RECORDS TO USE:
..............................

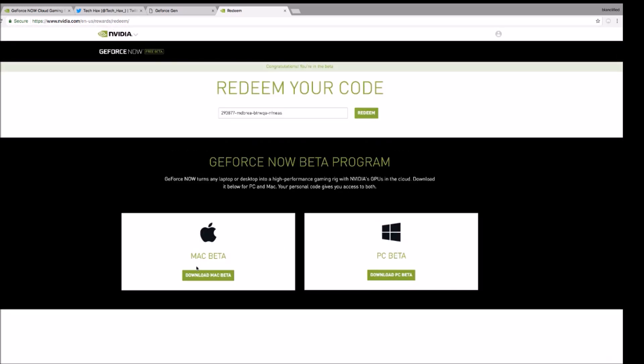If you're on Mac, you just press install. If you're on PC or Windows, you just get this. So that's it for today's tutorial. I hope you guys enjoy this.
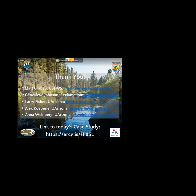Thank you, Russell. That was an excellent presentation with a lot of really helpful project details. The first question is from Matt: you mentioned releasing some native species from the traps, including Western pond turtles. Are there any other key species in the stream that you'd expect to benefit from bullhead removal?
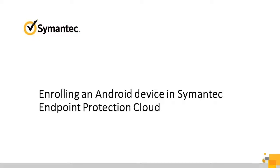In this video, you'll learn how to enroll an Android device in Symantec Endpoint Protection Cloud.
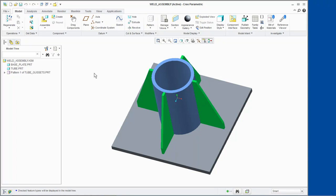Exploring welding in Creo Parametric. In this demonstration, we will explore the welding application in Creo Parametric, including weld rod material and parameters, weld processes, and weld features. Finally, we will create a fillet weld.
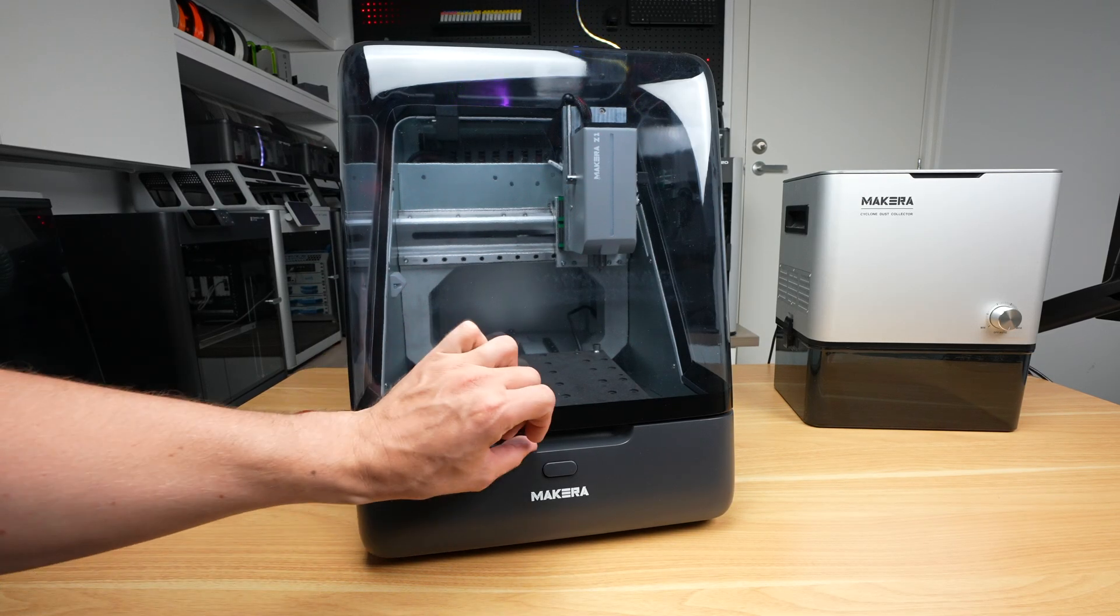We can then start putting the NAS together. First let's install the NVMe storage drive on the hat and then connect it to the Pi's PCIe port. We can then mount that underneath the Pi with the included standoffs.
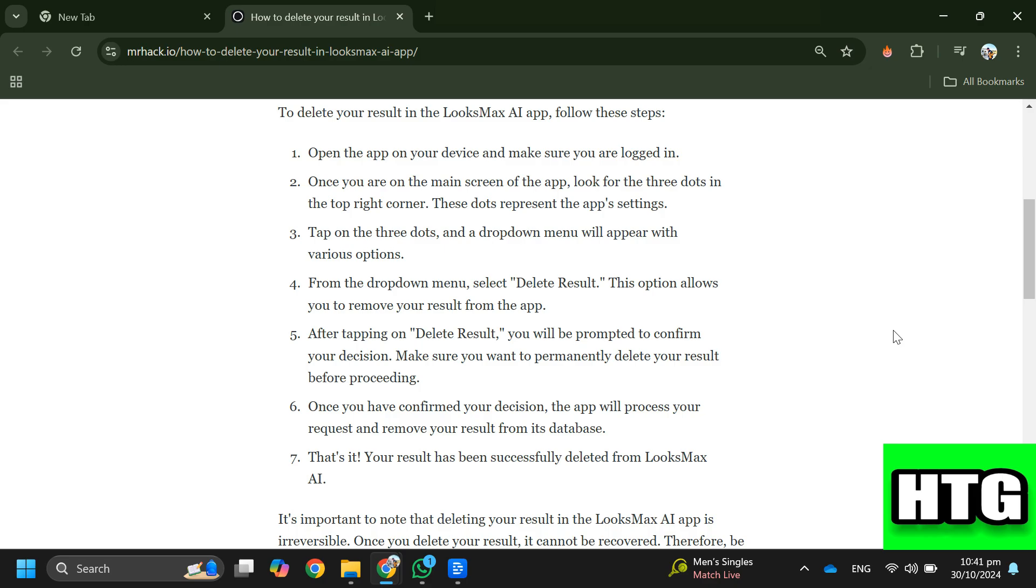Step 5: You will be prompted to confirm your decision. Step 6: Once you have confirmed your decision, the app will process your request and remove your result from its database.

..............................

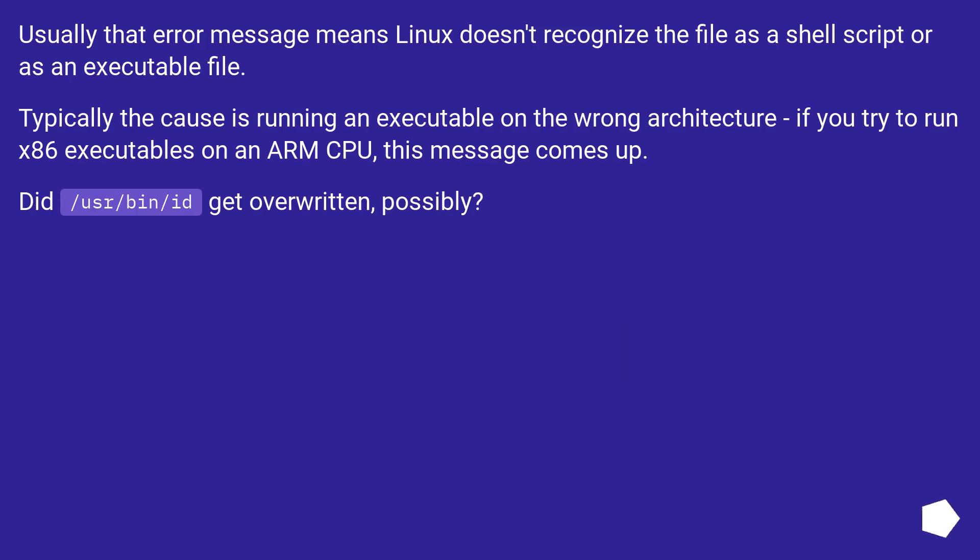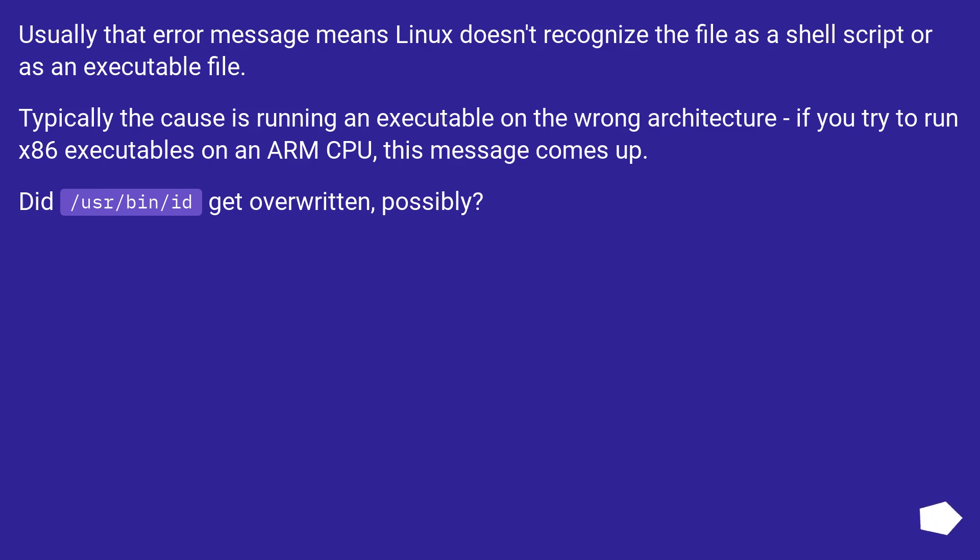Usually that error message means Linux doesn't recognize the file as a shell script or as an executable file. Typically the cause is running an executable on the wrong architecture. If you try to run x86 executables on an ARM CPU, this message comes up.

..............................

EXERCISE INSTRUCTIONS:
Above are some records. Output exactly the lines from the one that contains "Thank you, Russell." to the one that contains "Step 5: You", keeping both, and omit the pictures.

PROBLEM SOLUTION:
Thank you, Russell. That was an excellent presentation with a lot of really helpful project details. The first question is from Matt: you mentioned releasing some native species from the traps, including Western pond turtles. Are there any other key species in the stream that you'd expect to benefit from bullhead removal?
In this video, you'll learn how to enroll an Android device in Symantec Endpoint Protection Cloud.
Exploring welding in Creo Parametric. In this demonstration, we will explore the welding application in Creo Parametric, including weld rod material and parameters, weld processes, and weld features. Finally, we will create a fillet weld.
We can then start putting the NAS together. First let's install the NVMe storage drive on the hat and then connect it to the Pi's PCIe port. We can then mount that underneath the Pi with the included standoffs.
Step 5: You will be prompted to confirm your decision. Step 6: Once you have confirmed your decision, the app will process your request and remove your result from its database.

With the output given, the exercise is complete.